*DATA RECORDS*.
· · ·

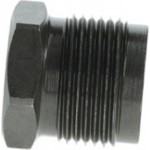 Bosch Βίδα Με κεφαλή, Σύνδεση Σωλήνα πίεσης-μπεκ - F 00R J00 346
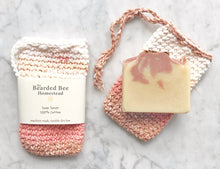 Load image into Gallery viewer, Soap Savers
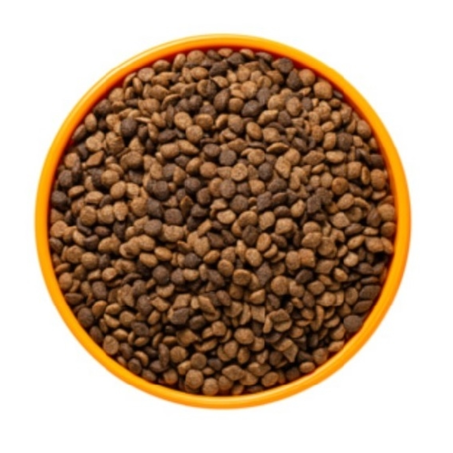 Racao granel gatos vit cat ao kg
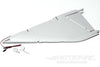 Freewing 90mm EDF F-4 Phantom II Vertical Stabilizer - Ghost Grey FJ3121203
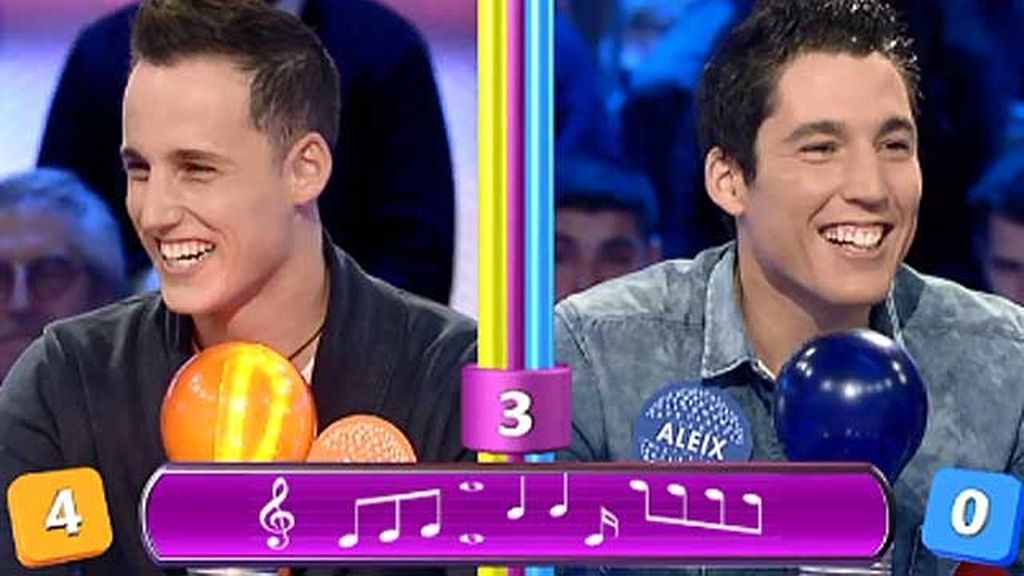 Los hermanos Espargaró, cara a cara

· · ·

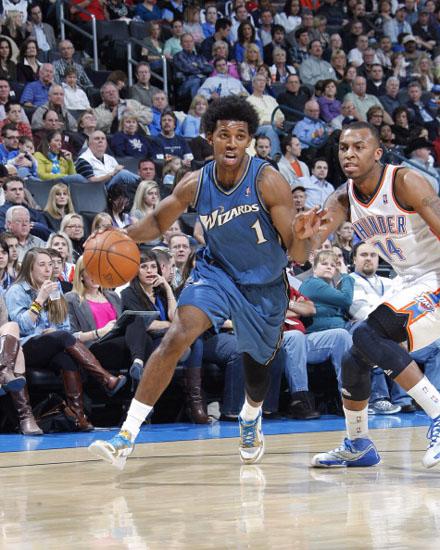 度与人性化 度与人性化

· · ·

*PROBLEM TO WORK ON*.
Within the entries above, give again exactly the lines starting at the one that contains "Bosch Βίδα Με" and ending at the one that contains "Los hermanos Espargaró, cara a cara", leaving out the pictures.

*OUTPUT OF THE TASK*.
 Bosch Βίδα Με κεφαλή, Σύνδεση Σωλήνα πίεσης-μπεκ - F 00R J00 346
 Load image into Gallery viewer, Soap Savers
 Racao granel gatos vit cat ao kg
 Freewing 90mm EDF F-4 Phantom II Vertical Stabilizer - Ghost Grey FJ3121203
 Los hermanos Espargaró, cara a cara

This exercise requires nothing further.